Statistical-Associational Correllation and Symbol Reasoning may be mutually reinforcing. The example of LSA.
by M. Robert Showalter
One might organize the history of cognitive science and AI as a "war" between symbolic and statistical views of neural function. This isn't the place to review that conflict. I feel that there are strong reasons to believe that the brain is BOTH a statistical associator and a symbol manipulator(1). I believe that the two roles can often be mutually reinforcing, with each kind of processing supplementing and checking the other. This view connects well with the S-K model.
A brief comment on intuition seems in order. I believe
that intuition is one of many important values. I believe that a right
description of the brain must make sense to us, once it is found. That
belief is based on faith and experience. Things that work well almost always
do make sense. Even so, intuition has its limits. When we speak of brain
function at levels approaching the neural, we must accept that we are beyond
the reach of introspection. Some kinds of processing may seem less "natural"
to us than others. For me, symbol processing seems somewhat intuitive and
association does not seem intuitive at all. Those feelings may be natural,
but they are nonetheless a source of bias. We do NOT know how the brain
works. We are trying to construct models that make sense, and that can
lead to sharper questions and better models in the future. I believe that,
if brains are both statistical and symbol processing entities, it is easier
to imagine how they do what they do. I'm proceeding on that basis.

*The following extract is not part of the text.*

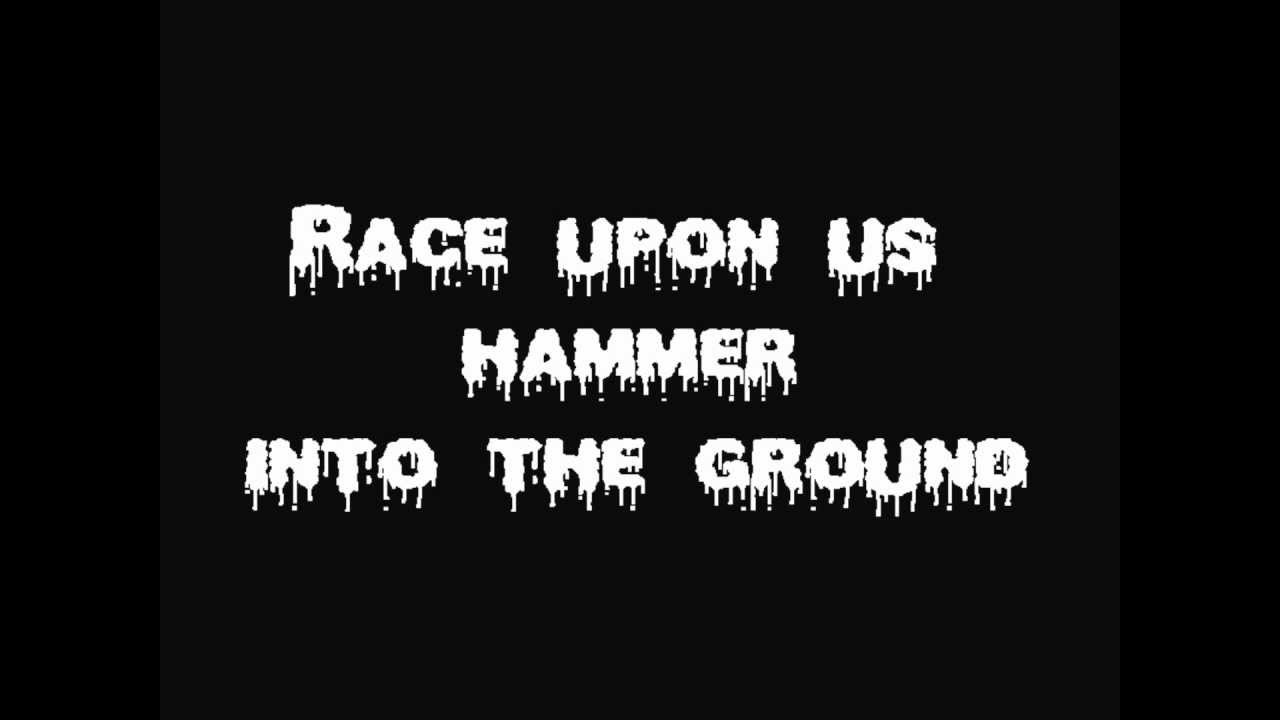 Eyes Set to Kill - Liar in the Glass [lyrics]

Here is Nick Chater, referring to the contrast and false
conflict between statistical and symbol processing approaches to mind:
". . . . The advocate of statistical methods pursues the possibility
that aspects of cognition can be understood in terms of the apparatus of
probability, statistics, information theory, and decision theory. The advocate
of symbolic methods pursues the claim that aspects of cognition involve
the formal manipulation of structured symbolic representations. . . These
are independent and entirely compatible claims about the nature of mind;
they do not stand in competition. . . . . . If the debate between statistical
and symbolic ideas seems ill conceived, the debate between neural networks
(a special case of statistics) and symbolic ideas seems equally ill conceived.(2)
"
Statistics has strengths and limitations. Keynes refers
to a dog, living in a religiously observant household:
"If a dog is generally given scraps at table, that is sufficient
for him to judge it to be reasonable to be there."
but
"It would take the dog a long time to find out that he was given
scraps except on fast days, and that there was the same number of these
in every year(3)."
Statistical inference lets us infer information that we
are not explicitly told. But the inference can be prohibitively expensive
or inferentially impossible with the time, attention, and computational
resources actually available.
Symbol manipulation has different strengths and limitations.

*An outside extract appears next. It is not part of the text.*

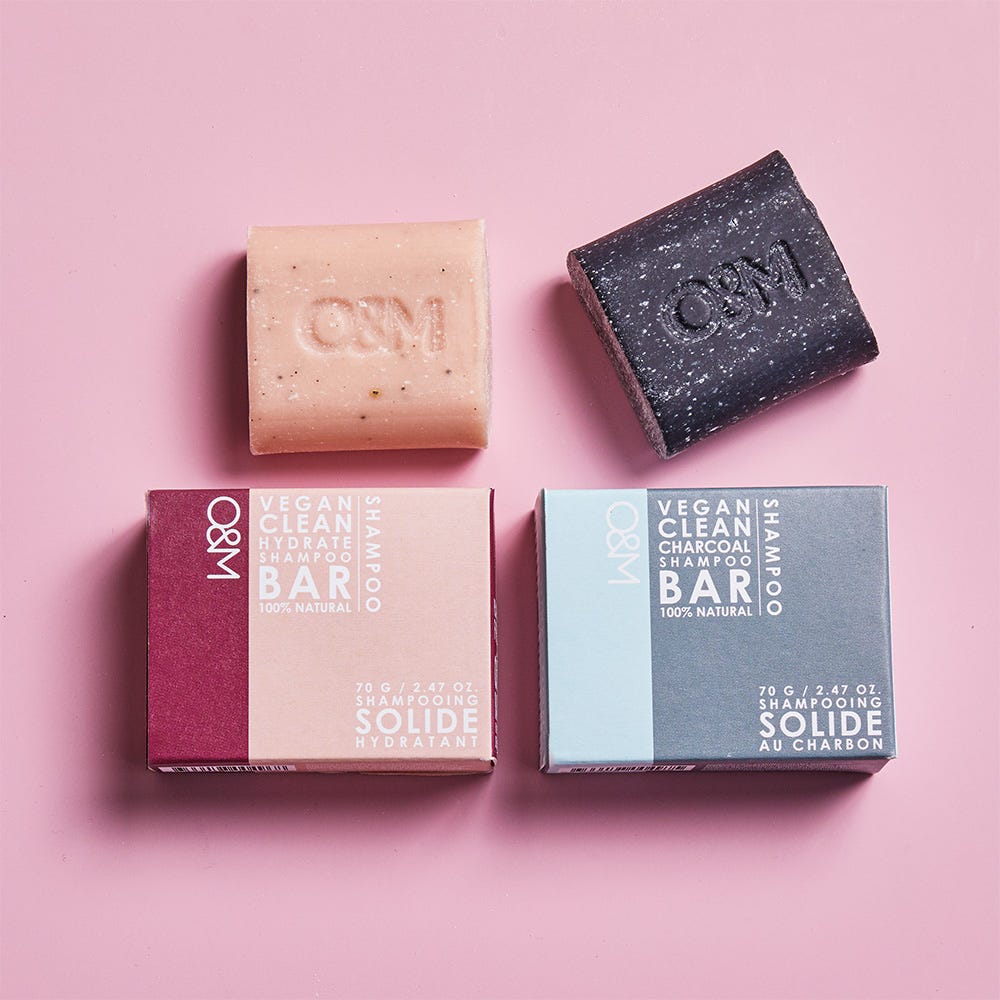 Original Mineral Hydrate Shampoo Bar 70 g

Symbols (words) can convey information or misinformation much more efficiently
and compactly than statistical inference could. Imagine trying to convey
the symbolic information in a book or newspaper statistically! It would
be impossible and, to me, unthinkable. Even so, the process of checking
symbolic information involves experience that fundamentally involves association,
including implicitly statistics. People understand and believe what they
are told in light of their experience. People create their language and
their ideas in light of their experience. In these senses, we are both
symbolic and statistical.
I find it useful to offer an example, that is not poetry,
but that I nonetheless regard as multiply evocative, at a number of levels.
The passage is inescapably symbolic in form and content. It would be impossible
to convey the message of this passage statistically. If the passage has
meaning to the reader, the passage inherently involves imagery, schemata,
and sequential patterns. Even so, my experience of this passage seems to
me to involve multiple latent connections that go well beyond logic, and
far into the realm of the associative:
"Man's production is always, and of necessity, a social enterprise.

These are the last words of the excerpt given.